The United States, China, India and many developing nations did not sign onto the 1997 Kyoto Protocols, Fujisaki noted, saying that these countries must be included in any future climate change agreement.

“If we leave these countries out, all the framework will be meaningless,” Fujisaki said. “We have to have them on board.”

Fujisaki also offered a comparison of U.S. and Japanese environmental and economic statistics, accompanied by detailed slides and a laser-pointer.

For example, Fujisaki said, Japan far exceeds the United States in high-speed rail technology. The famous shinkansen bullet trains can run up to 186 mph and, in 45 years of operation, have caused not a single fatality, he said. Delays, when they occur, average 30 seconds, he added.

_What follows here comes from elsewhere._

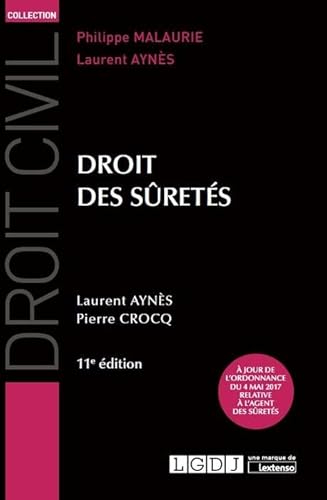 Stock image for Droit des srets for sale by Ammareal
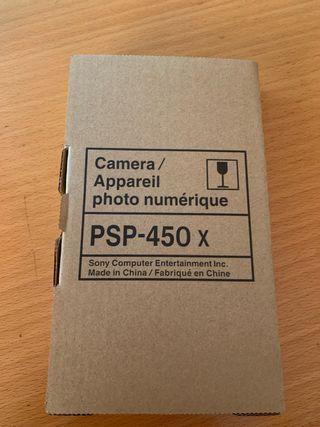 Invizimals Las Tribus Perdidas Juego Y Cámara PSP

“I will not talk about other countries’ rail,” Fujisaki said. “I am a diplomat.”

To bolster his argument that Japan should receive a seat on the UN Security Council, Fujisaki noted that Japan is the second-largest donor to the UN, behind the United States. It is also the second-largest donor in Iraq and the third-largest in Afghanistan.

In response to a student question, Fujisaki said engagement with Iran is necessary to combat drug trafficking and terrorism and to ease the plight of refugees in the region. Tokyo also co-hosted an aid conference with the World Bank last Friday, at which donor countries pledged more than $5 billion to help stabilize Pakistan.

The largely Japanese and Japanese-American audience reacted favorably to the ambassador’s talk.

Kyohei Yamada GRD ’12, a Japanese citizen, said he agreed with Fujisaki’s assertion that many Japanese living abroad have internalized the need to “reduce, reuse and recycle” and feel “uncomfortable” with the waste they see in other countries.

“I was really surprised when I first came over here,” Yamada said, adding that the Japanese culture emphasizes frugality. “My grandparents are like that, using pieces of newspaper to make the trash cans, and you have to eat the last grain of rice.”

But Michael Murray ’09, who is writing his senior thesis on Japanese missile defense systems, said he would have liked Fujisaki to focus on “more controversial” topics, particularly security issues — such as the recent North Korean missile launch — that could affect the relationship between the United States and Japan.

Fujisaki, whose father was also a diplomat, spent part of his childhood in Seattle. Prior to his appointment as ambassador to the United States, Fujisaki served as ambassador and permanent representative of Japan to international organizations in Geneva.